信じる

 『Web英語青年』の連載「21世紀の生のためのキーワード」、最終回です。お題は「信じる」。共著者なので、内容については申し上げません。

 足かけ2年間リレー連載を続けたわけですが、その二年間のちょうど真ん中は「3.11」で分断されています。いや、それを分断と呼んでしまうかどうかということ自体がひとつの難問ですが、というのも今思うと書くべき事は変わらなかったからです。いや、読んでみれば明らかな分断というか切れ目があるかもしれませんが、むしろ「3.11」後にこそ「3.11以前」が、私たちがいったいどのような世界に生きてきたのかがよく分かるようになった(ゆえに、「分からない」ということもよく分かるようになった)部分があるのではないかと思います。

 この連載は、「英米文学研究」をする私たちの使う、というよりむしろ、それのみを使って仕事をしている「ことば」というものをどうやって更新するか、副題にある「新しい批評のことば」をどうやって編み出すかという試行錯誤でした。その結果、内容が個々の「ことば」をめぐるものであると同時に、それを語る「ことば」そのものを作り出す試みとなりました。その点、今使った「更新」「新しい」というのはふさわしくない言葉かもしれません。「用語」ではなく「ことば」を、というのがひとつのキャッチフレーズでしたが、それが意味するのは、新しい用語をひねり出したり解説したりすることではなく、「すでに言われたこと」「すでに為されたこと」を繰り返すのをいとわないことだからです。

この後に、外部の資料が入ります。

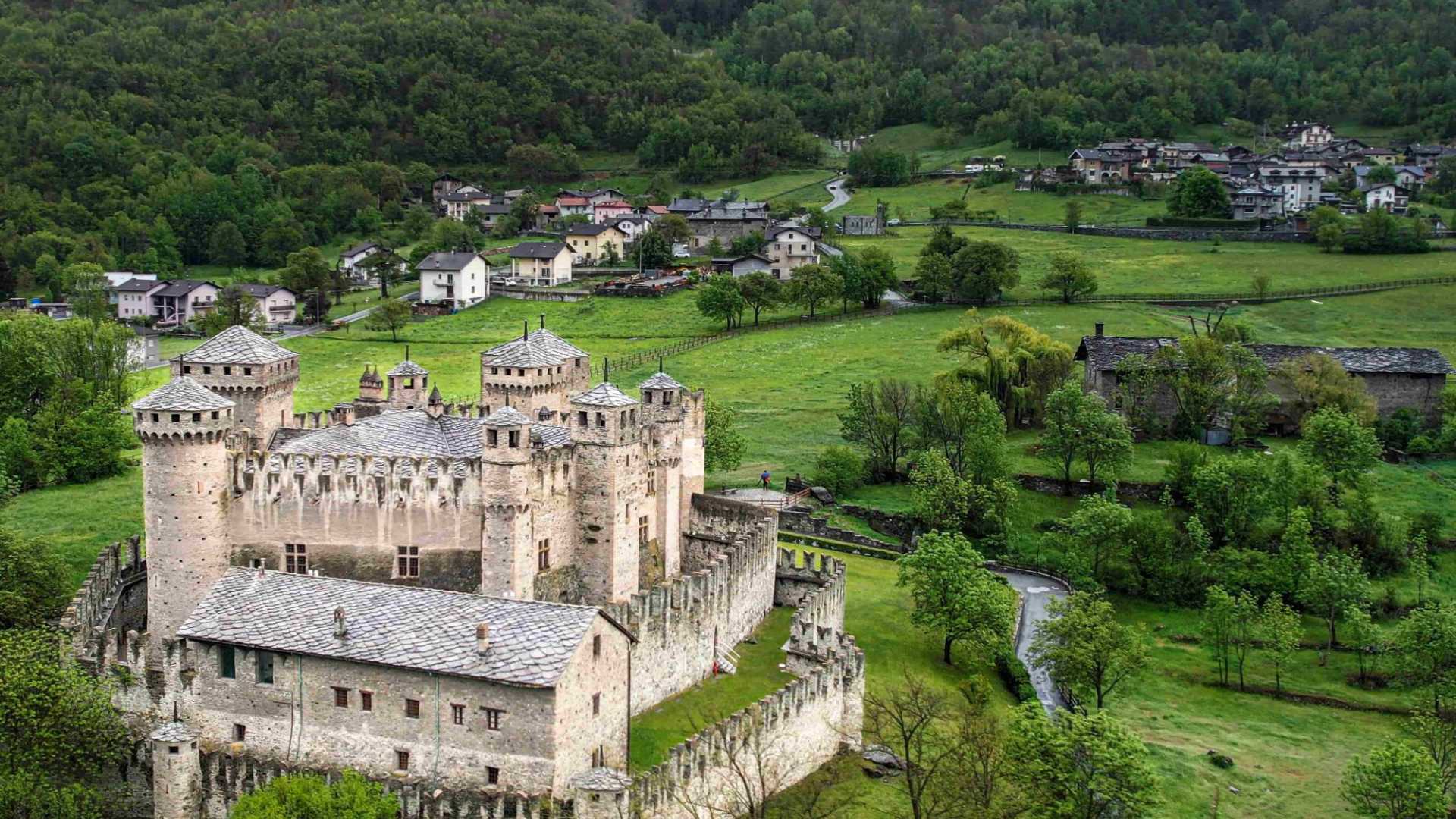 Feste ed Eventi a Fénis: Scopri la Cultura della Valle d'Aosta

 などと感慨にひたっている場合ではなく、積み残した仕事はたくさんあります。連載の経験ゆえに明らかになったやるべき仕事は膨大であると感じています。ですがとりあえずは寄稿してくださったみなさんとお読みくださったみなさんに、またこんな企画を通しておつきあいくださった研究社のHさんに、感謝の意を(勝手に代表してますが)表したいと思います。